In paragraaf 3.7.1 van de richtlijnen, die over toelating van vreemdelingen gaat, staat dat de echtgenote en partner van personen met de Nederlandse nationaliteit geen werkverbod/beperking voor werk opgelegd krijgen, opdat zij vrij aan de arbeidsmarkt kunnen deelnemen en inkomsten kunnen genereren.
5.2.
Het Hof stelt voorop dat het Gerecht de bepalingen van de Lav of het Uav niet exceptief heeft getoetst en die bepalingen ook niet onverbindend heeft verklaard. Het Gerecht heeft beoordeeld of het beleid zoals weergegeven in paragraaf 3.7.1 van de richtlijnen in overeenstemming is met artikel 14 van het EVRM. Volgens het Gerecht is dat niet zo. De aangevallen uitspraak heeft in zoverre geen betrekking op de Lav of het Uav als zodanig of op de toepassing daarvan, maar slechts op de toepassing van paragraaf 3.7.1 van de richtlijnen. De minister betoogt echter terecht dat het Gerecht buiten de omvang van het geschil is getreden. Uit het beroepschrift van [wederpartij] of de aantekeningen ter zitting van het Gerecht blijkt niet dat [wederpartij] de discriminerende werking van paragraaf 3.7.1 van de richtlijnen aan de orde heeft gesteld. De beoordeling daarvan behoort ook niet tot de door de bestuursrechter te verrichten ambtshalve toetsing. Het Gerecht is daarom met zijn oordeel dat het in paragraaf 3.7.1 van de richtlijnen gemaakte onderscheid naar nationaliteit in strijd is met artikel 14 van het EVRM, buiten de omvang van het geschil getreden.

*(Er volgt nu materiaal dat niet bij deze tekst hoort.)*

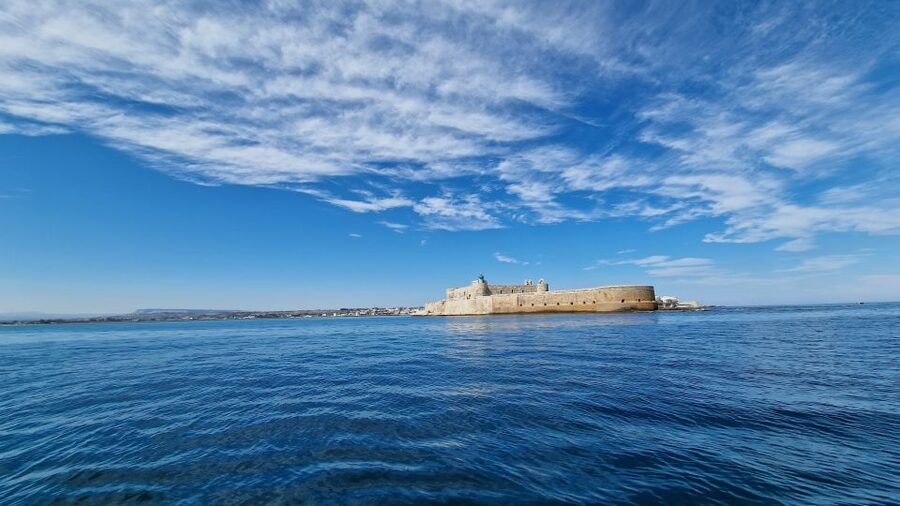 Syracuse: Pillirina, Ortigia, and Sea Caves Tour by Boat - Scoglio del Gorilla: a stop made for photos and a first taste of the caves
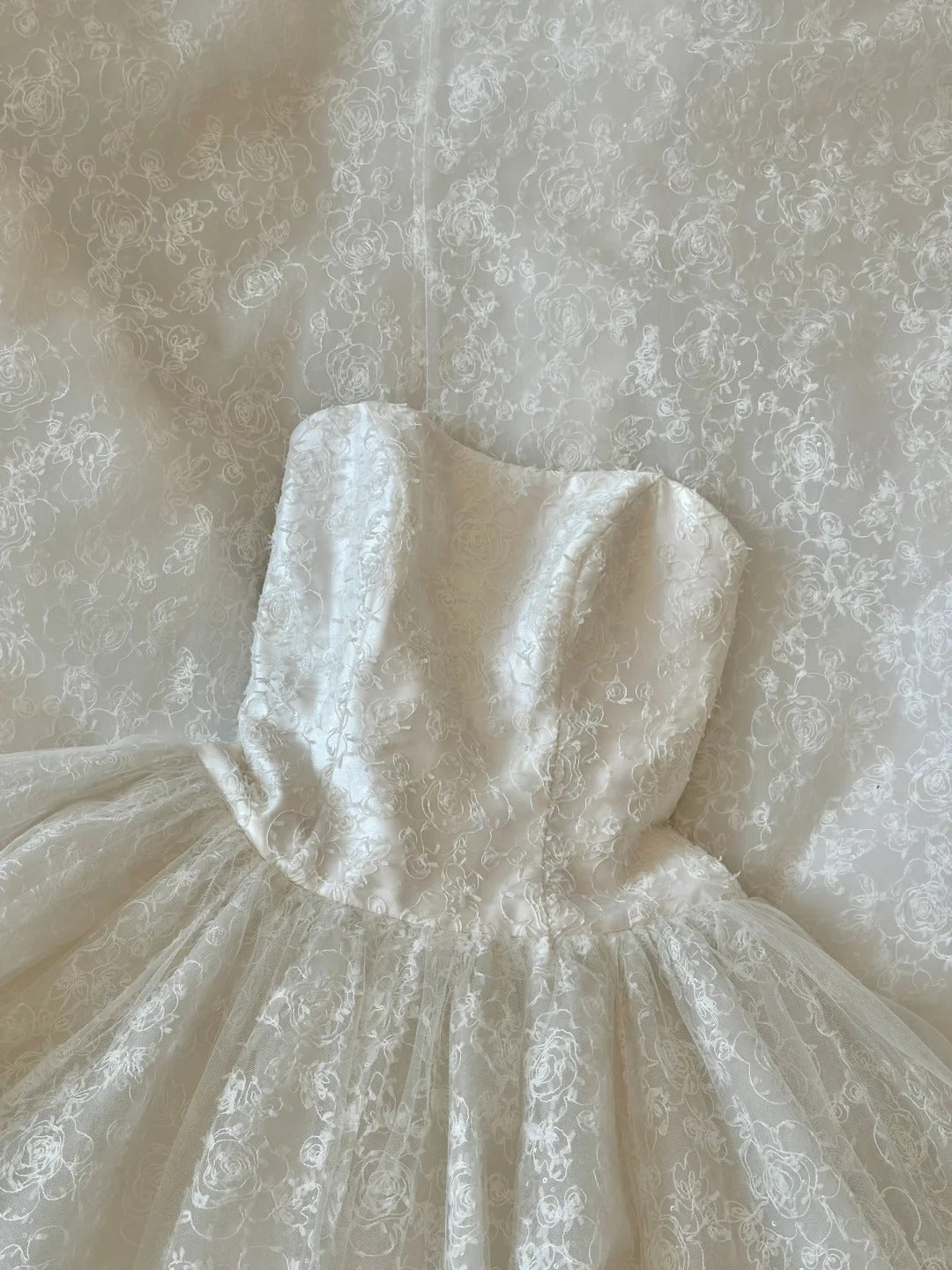 Vintage Strapless Rose Embroidery Wedding Dress with Train P2954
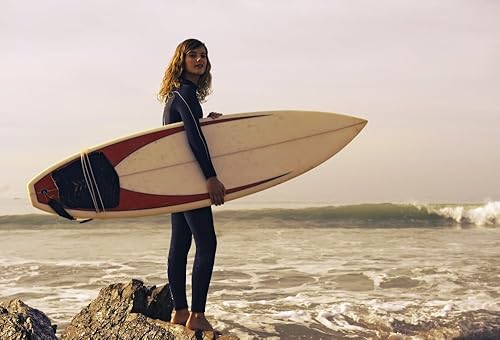Joven mujer con su Tabla de surf en la playa Tarifa Cadiz Andalucía España Póster (36 x 24)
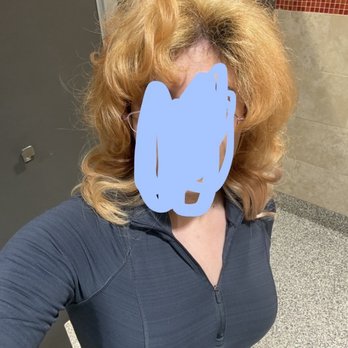 Sandy Beachy Hair Co - First round of bleach! Yikessss - Hair Stylists Near Me - Jacksonville, Florida Sandy Beachy Hair Co - First round of bleach! Yikessss - Hair Stylists Near Me - Jacksonville, Florida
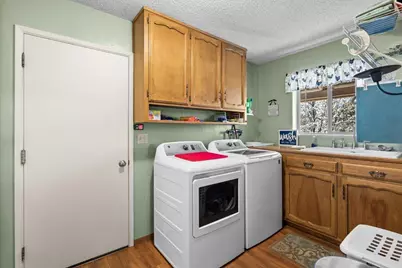 4214 Midway Avenue, Grants Pass, OR 97527 - Photo 18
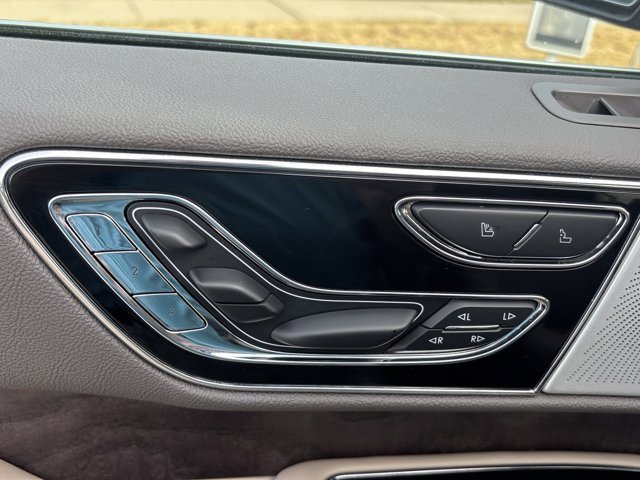 Used 2022 Lincoln Navigator Reserve image 24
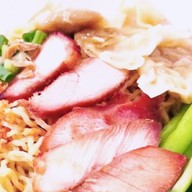 เม้งบะหมี่เกี๊ยว มหาชัย (เจ้าเก่า 40 ปี) ซอยดับเพลิง @mengbhamee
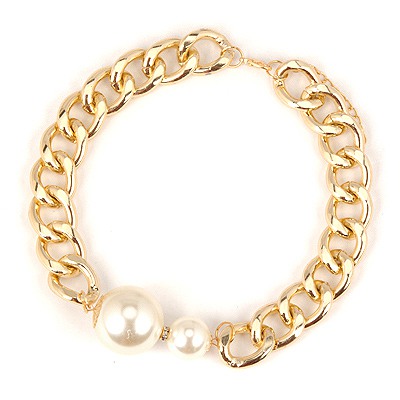 Oversized White Pearl Decorated Chain Design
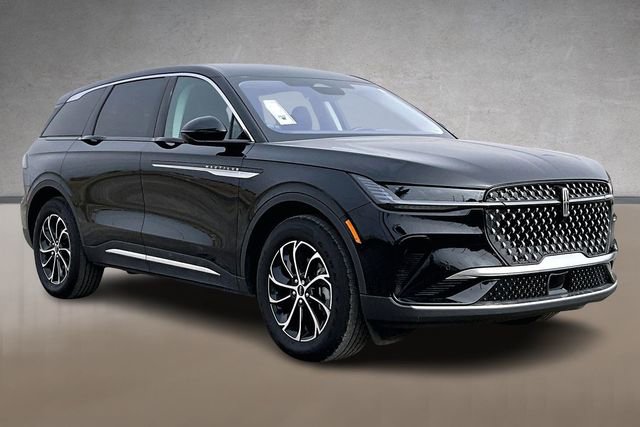 Used 2025 Lincoln Nautilus Premier AWD/4WD image 10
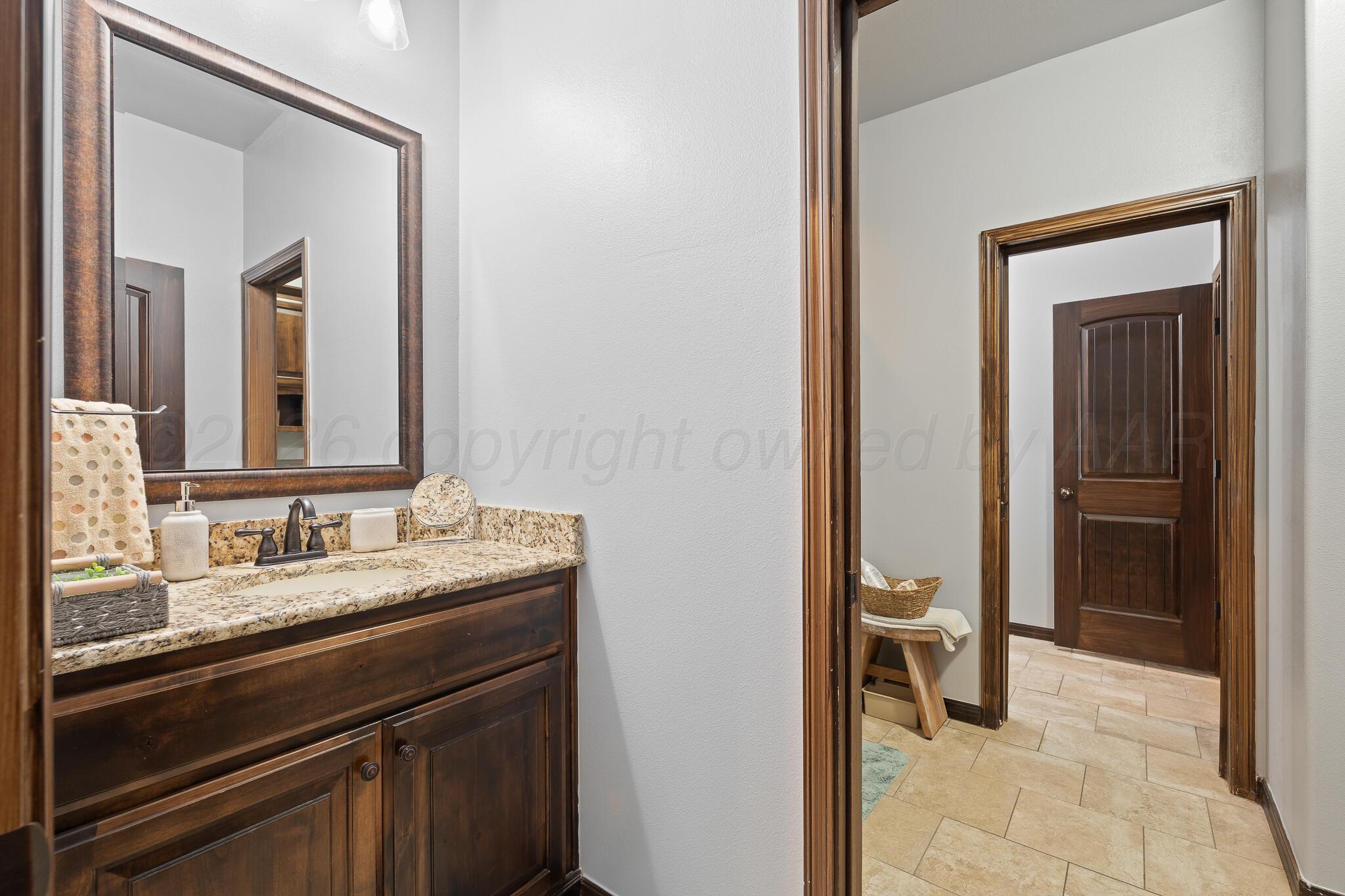 12501 Divot Drive Property Photo 30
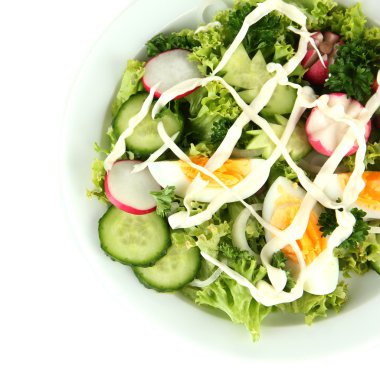 yumurta, salata yaprakları ve beyaz izole diğer sebzeler taze karışık salata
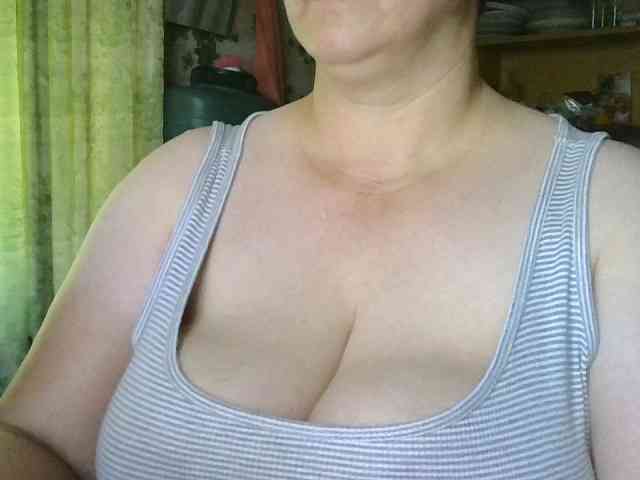 AnutkaForeva webcam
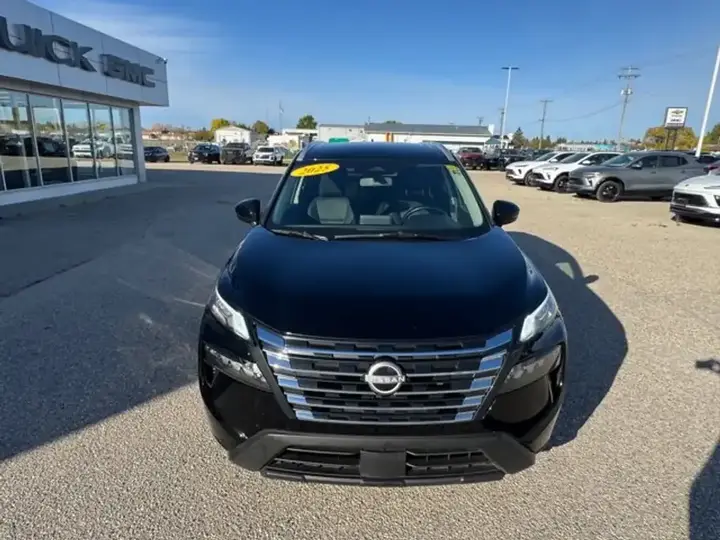 Nissan Rogue 2025 photo 2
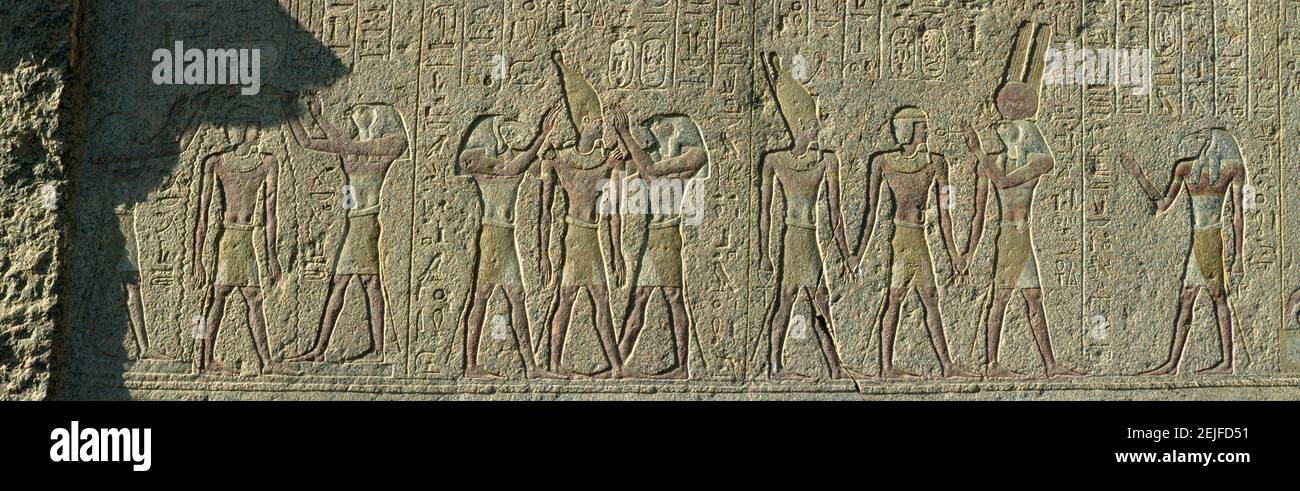 Ägyptische Hieroglyphen an der Wand, Tempel des Amun, Luxor, Ägypten Stockfoto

Houdt de afwijzingsgrond stand?
6. De minister voert aan dat bij nader inzien niet aan de afwijzing ten grondslag had mogen worden gelegd dat [wederpartij] in strijd heeft gehandeld met de vergunningsvoorwaarde dat arbeid niet is toegestaan, omdat die voorwaarde achteraf gezien niet aan de vergunning had mogen worden verbonden. Dat neemt volgens de minister niet weg dat [wederpartij] heeft gehandeld in strijd met de openbare orde. Zij heeft namelijk de Lav en het Uav overtreden door zonder tewerkstellingsvergunning te werken. Het overtreden van wettelijke bepalingen is strijdig met de openbare orde, zodat het verzoek van [wederpartij] om die reden moest worden afgewezen.
6.1.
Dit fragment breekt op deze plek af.